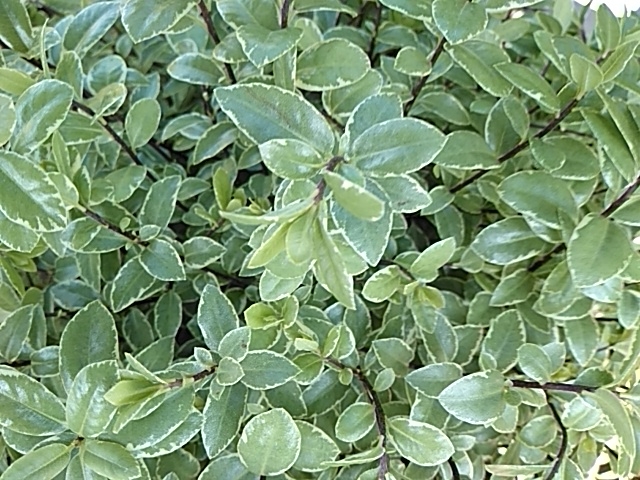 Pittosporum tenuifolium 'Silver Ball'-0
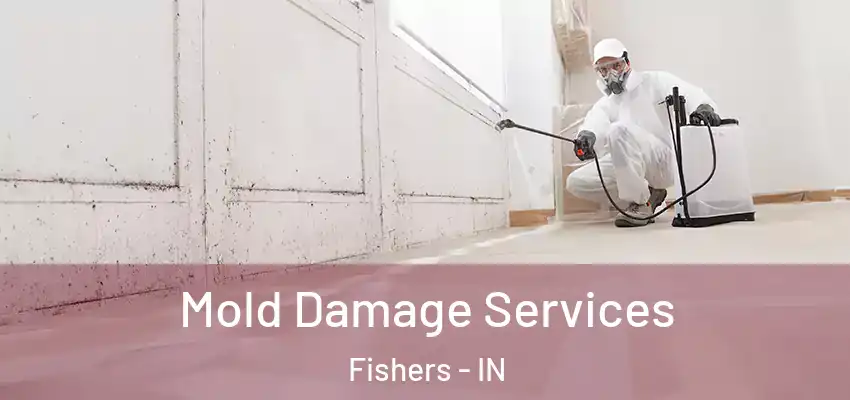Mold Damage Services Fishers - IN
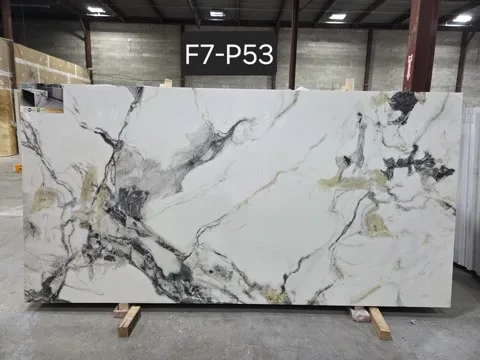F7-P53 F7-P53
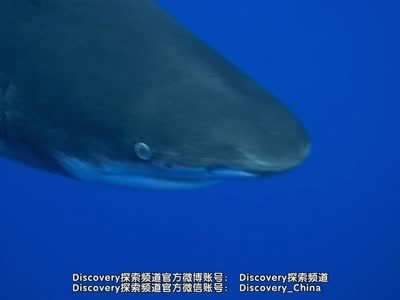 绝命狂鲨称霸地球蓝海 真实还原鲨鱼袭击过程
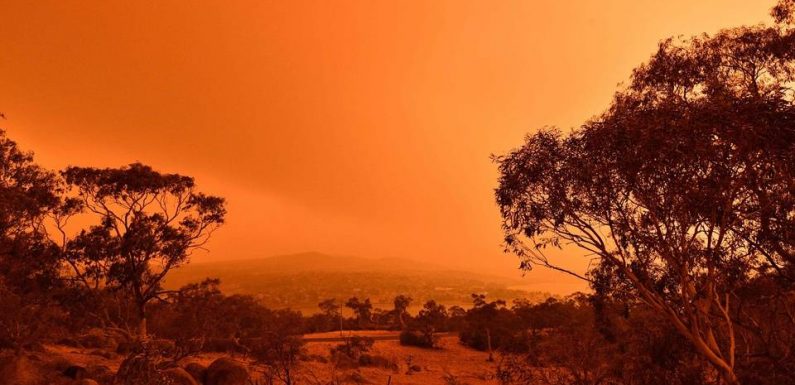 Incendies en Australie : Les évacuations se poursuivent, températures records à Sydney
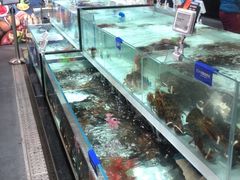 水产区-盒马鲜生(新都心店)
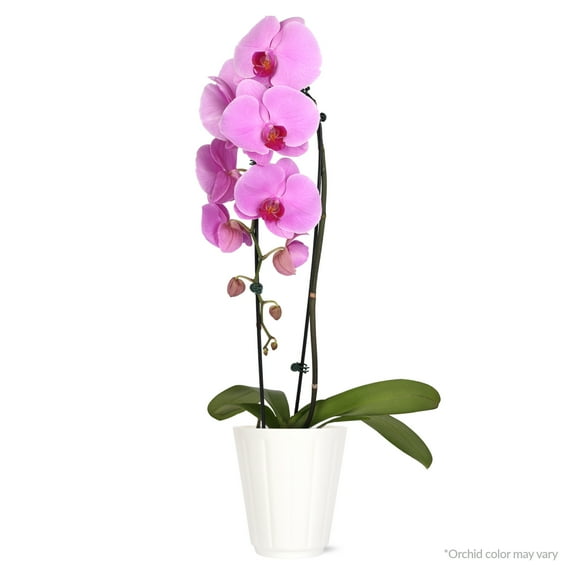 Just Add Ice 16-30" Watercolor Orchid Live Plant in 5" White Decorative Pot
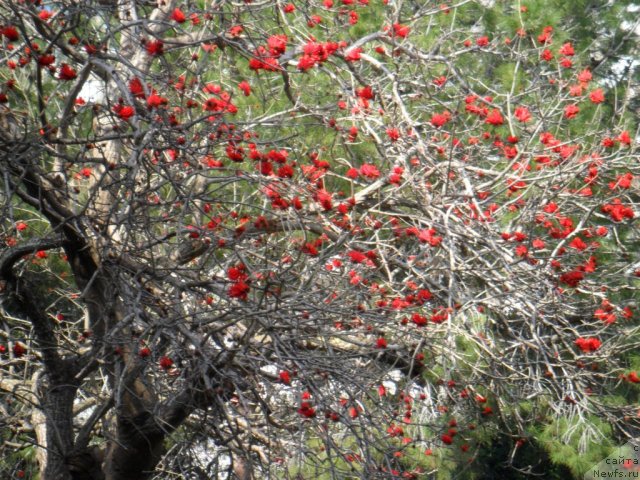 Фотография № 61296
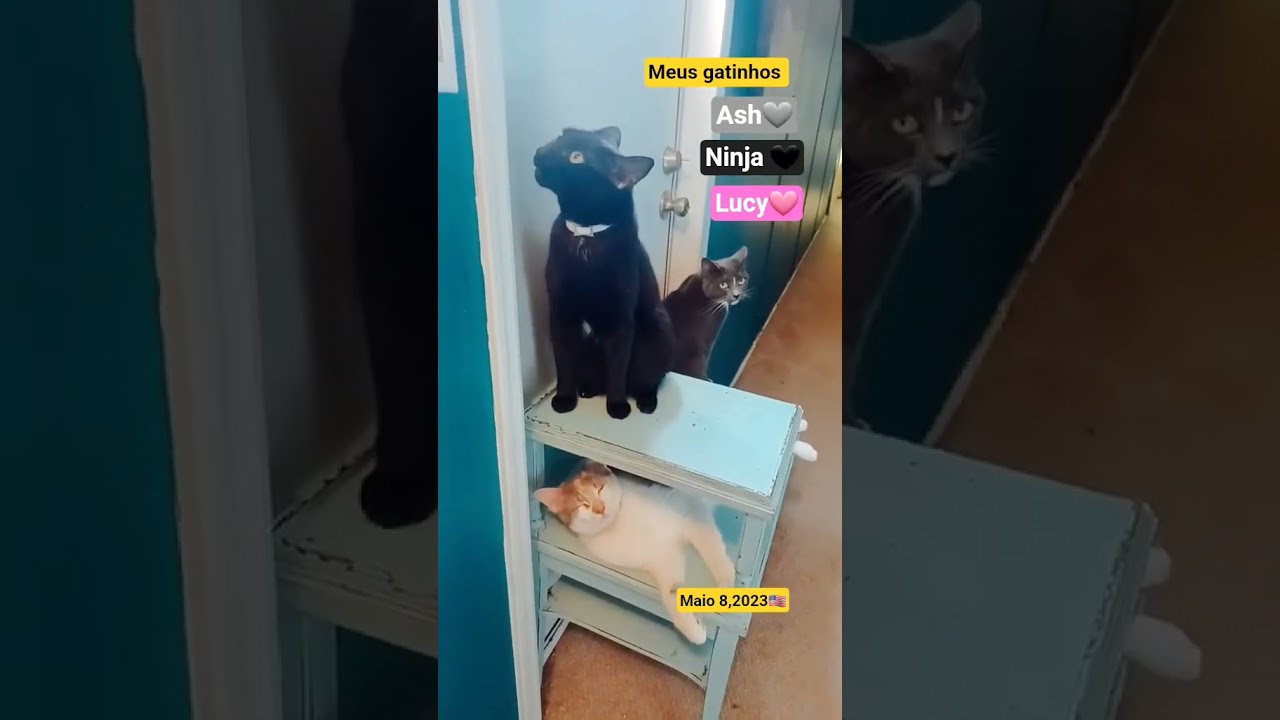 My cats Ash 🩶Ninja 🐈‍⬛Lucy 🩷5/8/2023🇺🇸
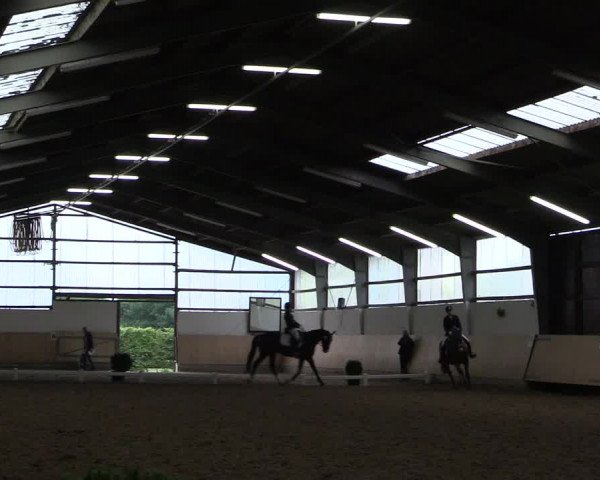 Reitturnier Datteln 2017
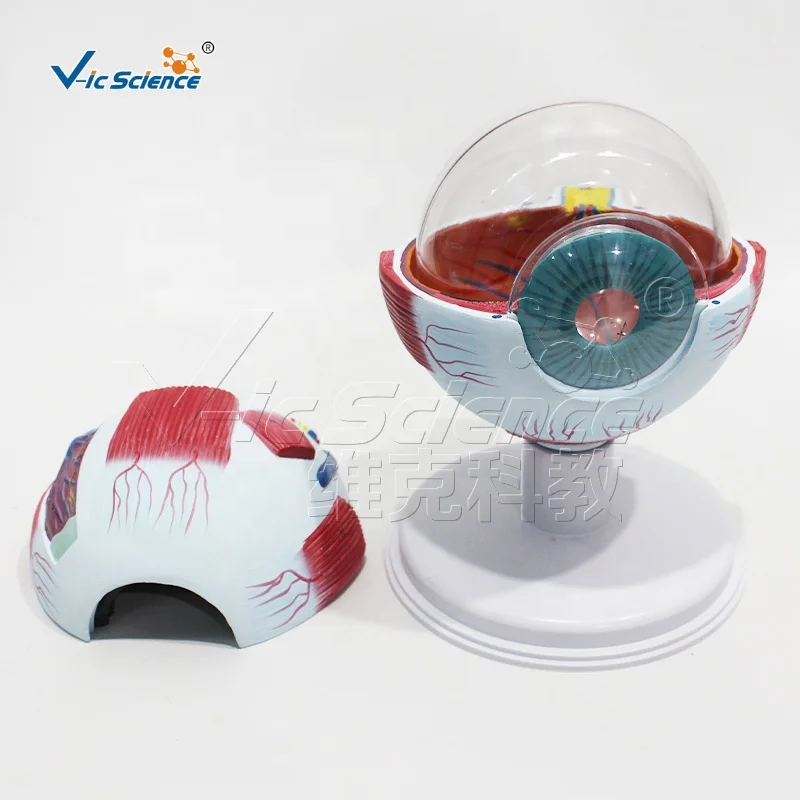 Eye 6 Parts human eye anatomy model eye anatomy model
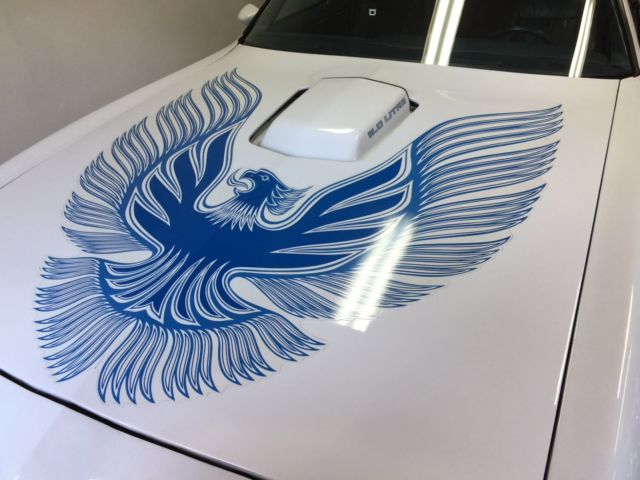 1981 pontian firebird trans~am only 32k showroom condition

====================

Repeat, with no pictures, every line from the top of the entries above through the line that has "Eye 6 Parts", keeping each one exact.

### RESULT OF THIS TASK
 Pittosporum tenuifolium 'Silver Ball'-0
Mold Damage Services Fishers - IN
F7-P53 F7-P53
 绝命狂鲨称霸地球蓝海 真实还原鲨鱼袭击过程
 Incendies en Australie : Les évacuations se poursuivent, températures records à Sydney
 水产区-盒马鲜生(新都心店)
 Just Add Ice 16-30" Watercolor Orchid Live Plant in 5" White Decorative Pot
 Фотография № 61296
 My cats Ash 🩶Ninja 🐈‍⬛Lucy 🩷5/8/2023🇺🇸
 Reitturnier Datteln 2017
 Eye 6 Parts human eye anatomy model eye anatomy model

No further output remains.